Updated: Jul 2, 2019
Imagine a little girl of about 7 or 8 years sitting outside a restaurant with a handful of balloons trying to convince people to buy them for a mere 30 cents. My family and I were sitting in chairs waiting outside the restaurant for our reservation when the little girl and I made eye contact. She was begging me to convince my mom or dad to buy a balloon. Regardless, I didn't know what to do and our name was called.
After dinner, the little girl came up to us and asked if we could buy her a roti (a common type of Indian flatbread). My heart just hurt so bad for her after that because not only did she need money, she was truly hungry. My mom always says that she wants to help all these people on the streets, especially children, but doesn't know what they will do with the money, which is a fair point. But, this little girl needed money for a meal which i'm guessing she hadn't had for a while. We tried to explain that we came from a restaurant where you couldn't buy bread like a grocery store. We wished that we had some leftovers that we could give her, but we didn't.
Eventually, my mom decided to buy a 20 rupee balloon (30 cents approximately), but didn't have exact change so just decided to give her a 50 note. I will never forget the look of pure gratitude and happiness on her face that night. This sweet girl had such wonderful manners despite the difficult circumstances she was in that she even asked me if I wanted another balloon, since we essentially paid for 2. I told her no thank you, please go use it to buy dinner. She again smiled at me and said thank you.

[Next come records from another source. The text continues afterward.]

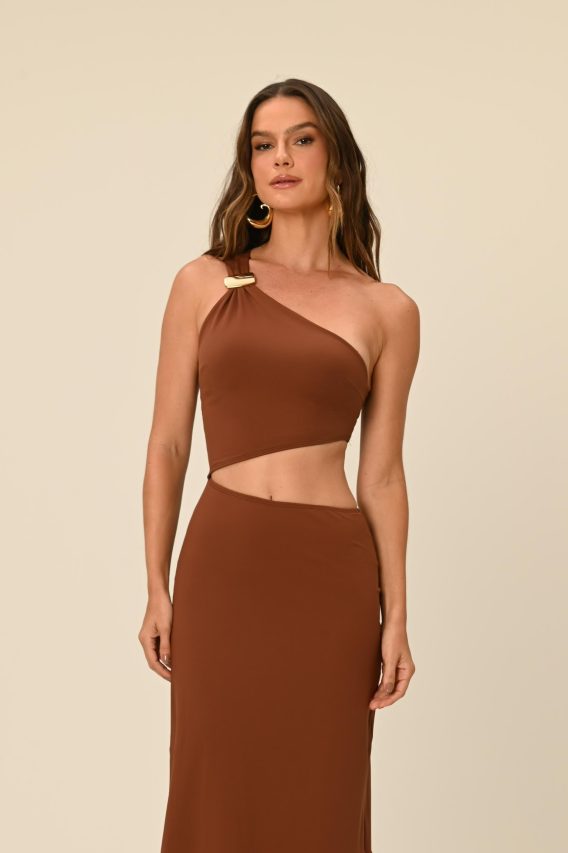 Vestido longo marrom recortes Cléo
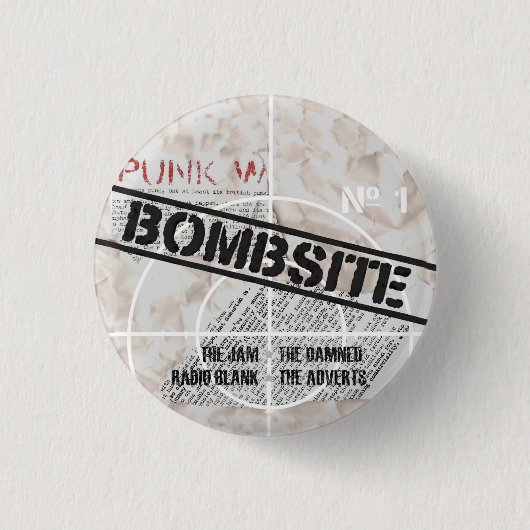 Bombsite Fanzine No. 1 cover Ronde Button 3,2 Cm (Voorkant)
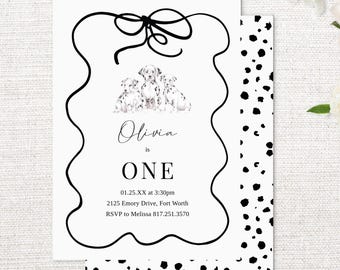 Dalmatian Birthday Party Invitation for Instant Download with Templett. Puppy Dog First Birthday Invitation with Dalmatian Pattern Back. 5x7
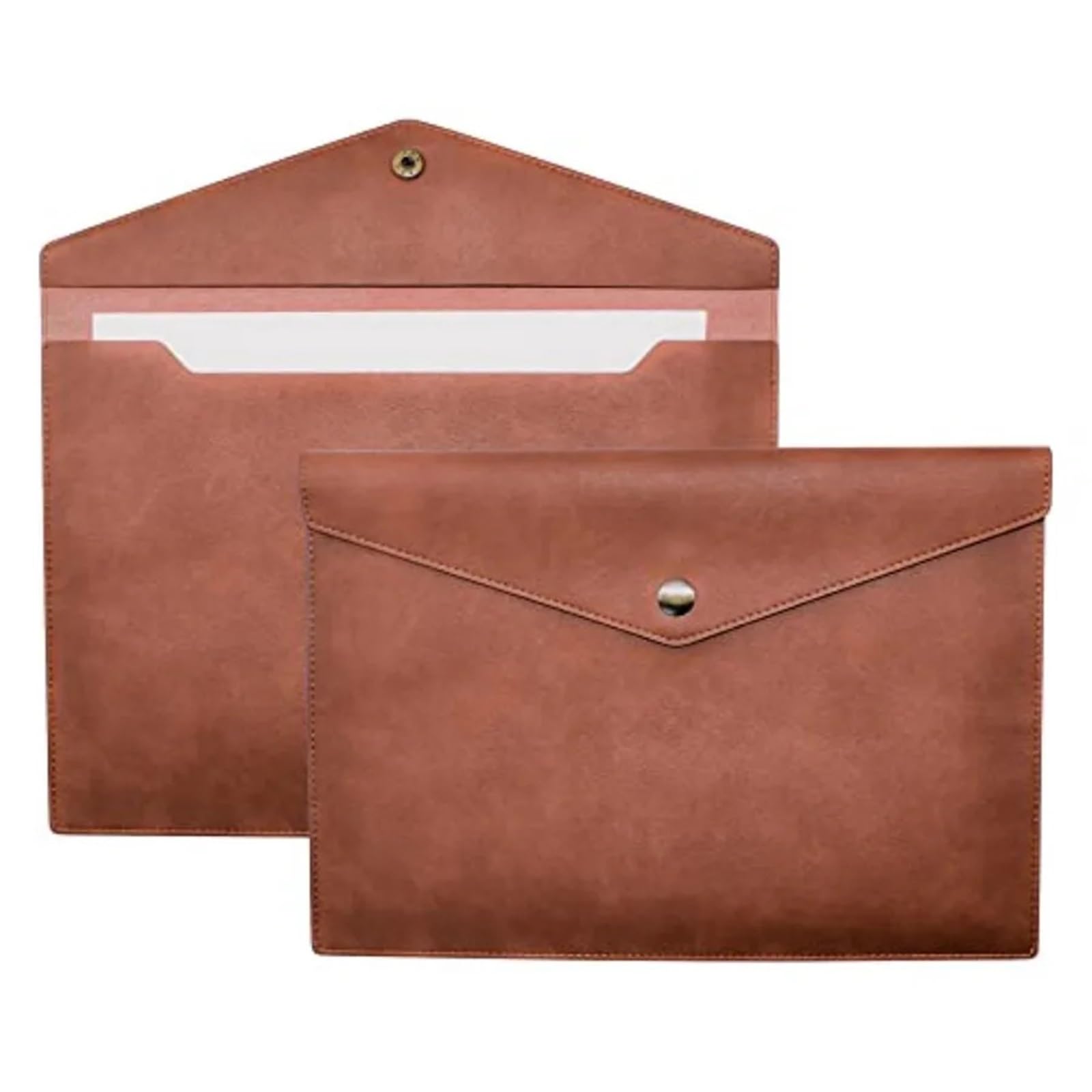 1 pz cartelle di file in pelle PU porta documenti A4 busta portfolio impermeabile archivio organizer Per Archiviazione Documenti(Brown)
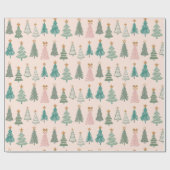 Kerstbomen gekleurde Noel Christmas Cadeaupapier (Vlak)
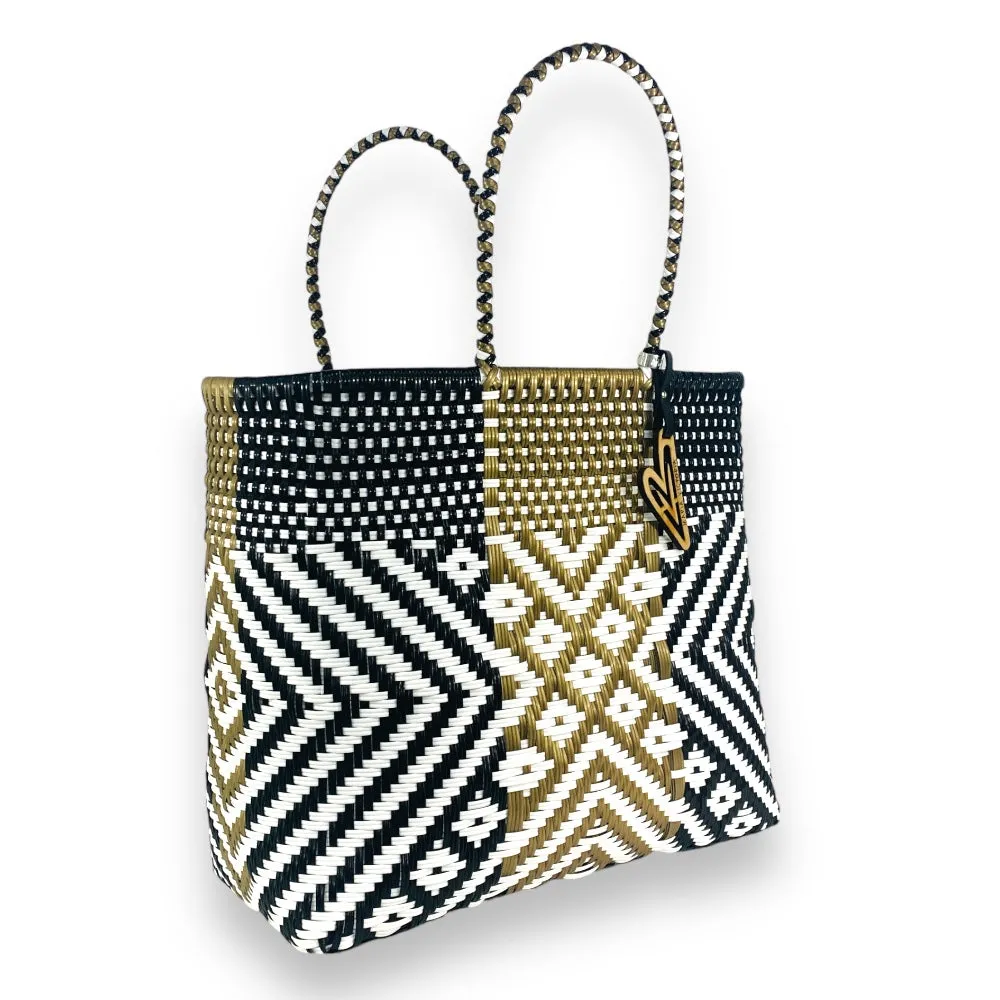 Maria Victoria | Blakely Tote | Upcycled, Handwoven, Black/White/Gold Tote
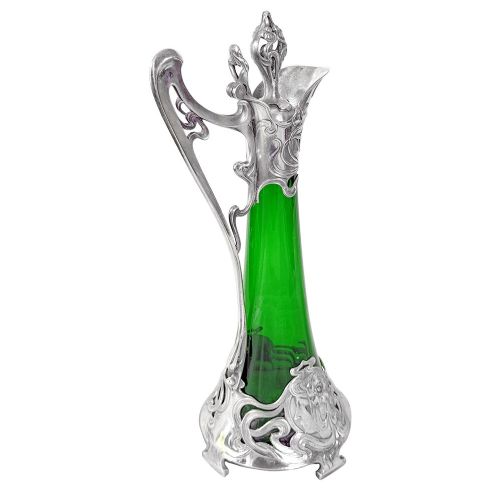 ART NOUVEAU SILVERED PEWTER AND GLASS DECANTER WITH MAIDENS HEAD BY WMF - ADDITIONAL PHOTO 1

When we were walking towards the car my mom said, "We could've just given her the balloon back so that she could sell it to someone else and make some more money". I was like that's a smart idea, so I ran back to where she was sitting and told her exactly what my mom had told me. She was, again, so grateful and I felt like my family and I had done something that would make her life a little bit easier for the night.

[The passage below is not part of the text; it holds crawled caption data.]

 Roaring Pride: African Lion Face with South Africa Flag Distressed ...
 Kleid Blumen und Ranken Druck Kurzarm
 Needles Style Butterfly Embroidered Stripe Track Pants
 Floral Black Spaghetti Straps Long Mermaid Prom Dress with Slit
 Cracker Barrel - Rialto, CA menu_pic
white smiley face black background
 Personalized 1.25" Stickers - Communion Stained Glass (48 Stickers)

Despite the significance these random acts of kindness can have, these occurrences do not get at the root of the problem nor does giving money improve the situation of people on the streets long term. Organizations (NGOs as many are called in India) work towards tackling problems head on, whether it is poverty, specifically child poverty as described here, or other major issues like climate change, gender inequality, safety, etc.... These NGOs/ charitable foundations, specifically ones that work on the issue of child poverty, rely on government funds and/or donations in order to house, feed, and educate children whose parents either cannot take care of them, would need them to work instead of going to school, or for children who don't have parents at all. Taking care of these basic needs allow them to focus on school, build strong relationships, and eventually, to be self sufficient and successful adults.

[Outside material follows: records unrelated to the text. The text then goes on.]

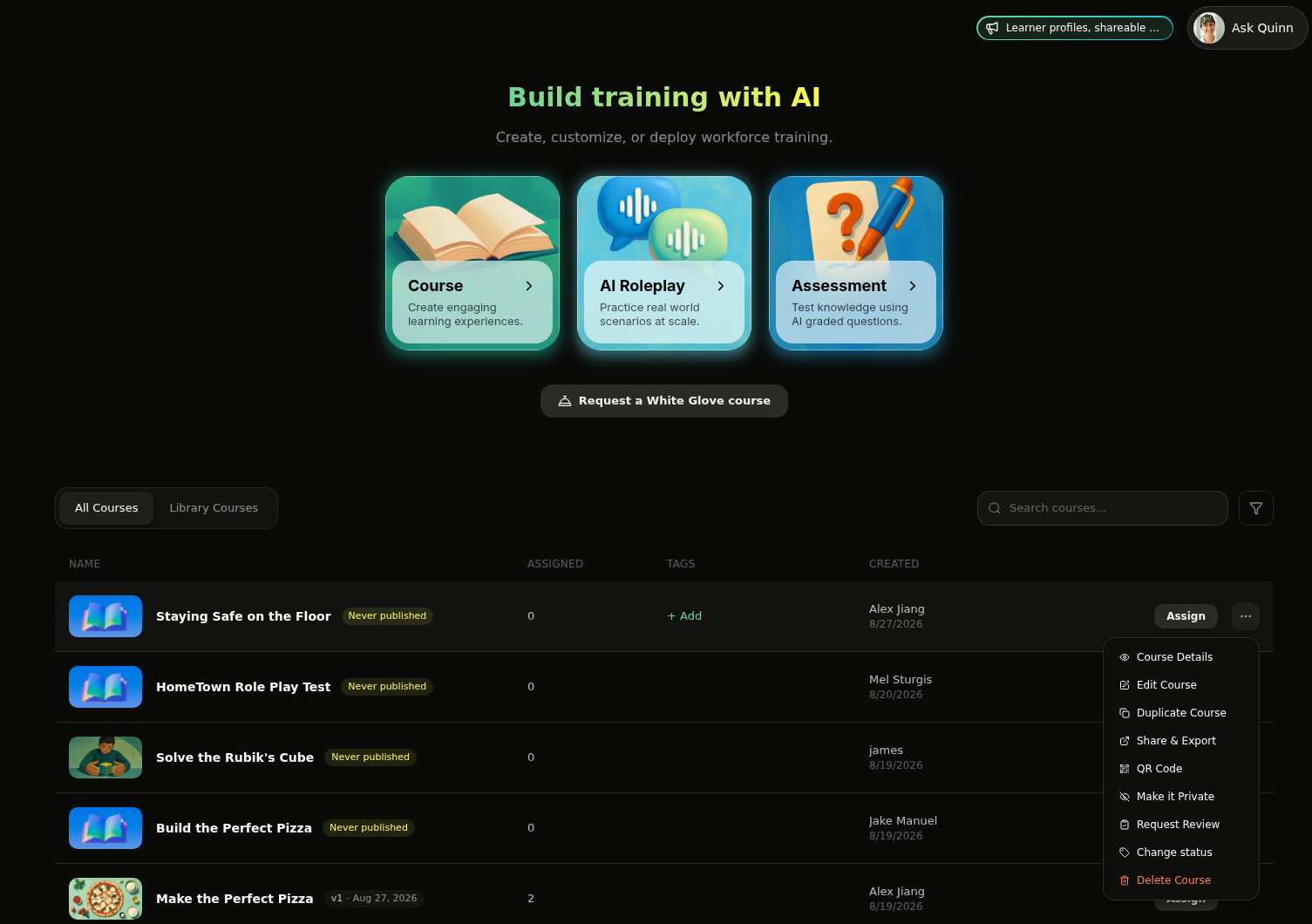 Admin course library with a course options menu open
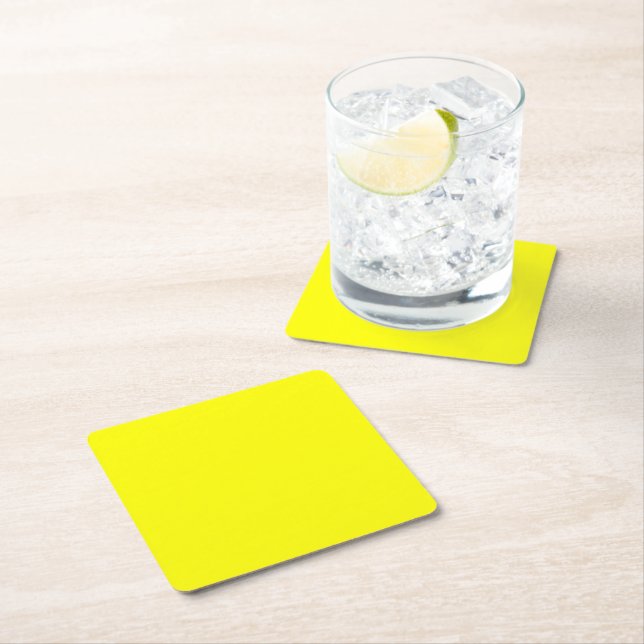 Dessous De Verre Carré Jaune (En situation)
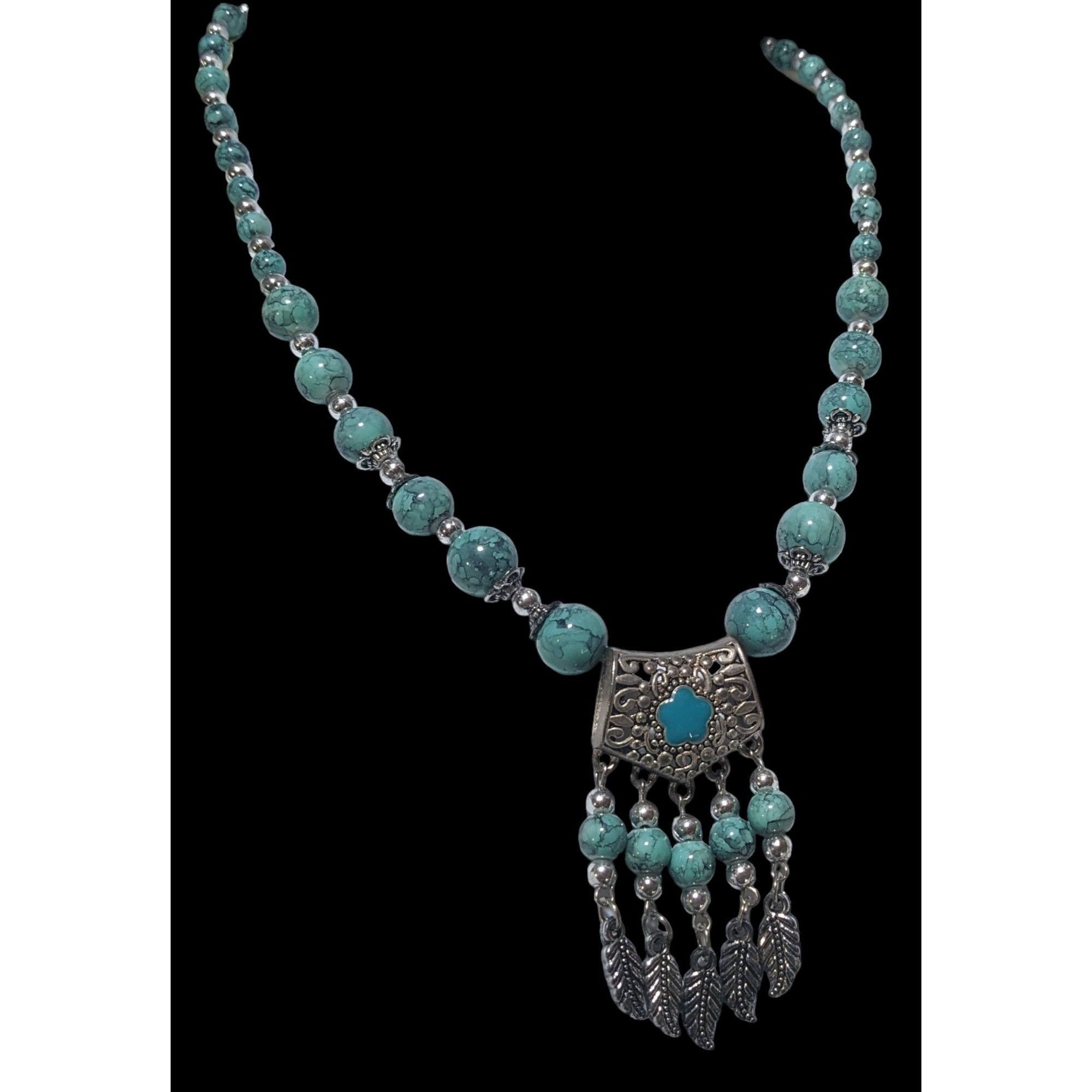 Other Bohemian Style Turquoise Feather Tassel Necklace Size ONE SIZE - 5 Thumbnail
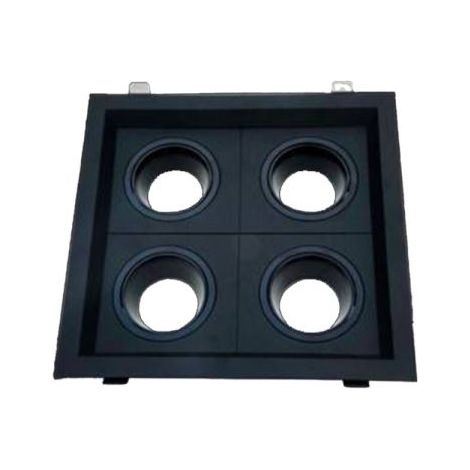 PORTAFARETTO GU10 ORIENTABILE NERO MODERNO SALVASPAZIO EMISSIONI UNIVERSO 220V QUADRUPLO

I visited an organization like this called Aanchal while I was in Jaipur where a lady named Seema rents out a room and houses 32 orphan girls between the ages of 4-14, simply out of the goodness of her heart. She pays the rent, gives them food, and pays for their education because she truly wants to help reduce the number of impoverished children on the streets of India by giving them the opportunity to attain a good education. It was such an eye opening and fun experience and I was surprised to learn that despite living on opposite sides of the world and growing up in completely different circumstances, we had a lot in common. I think that the world is so lucky to have self-less people in the world like her who want to help the less fortunate because it's the right thing to do.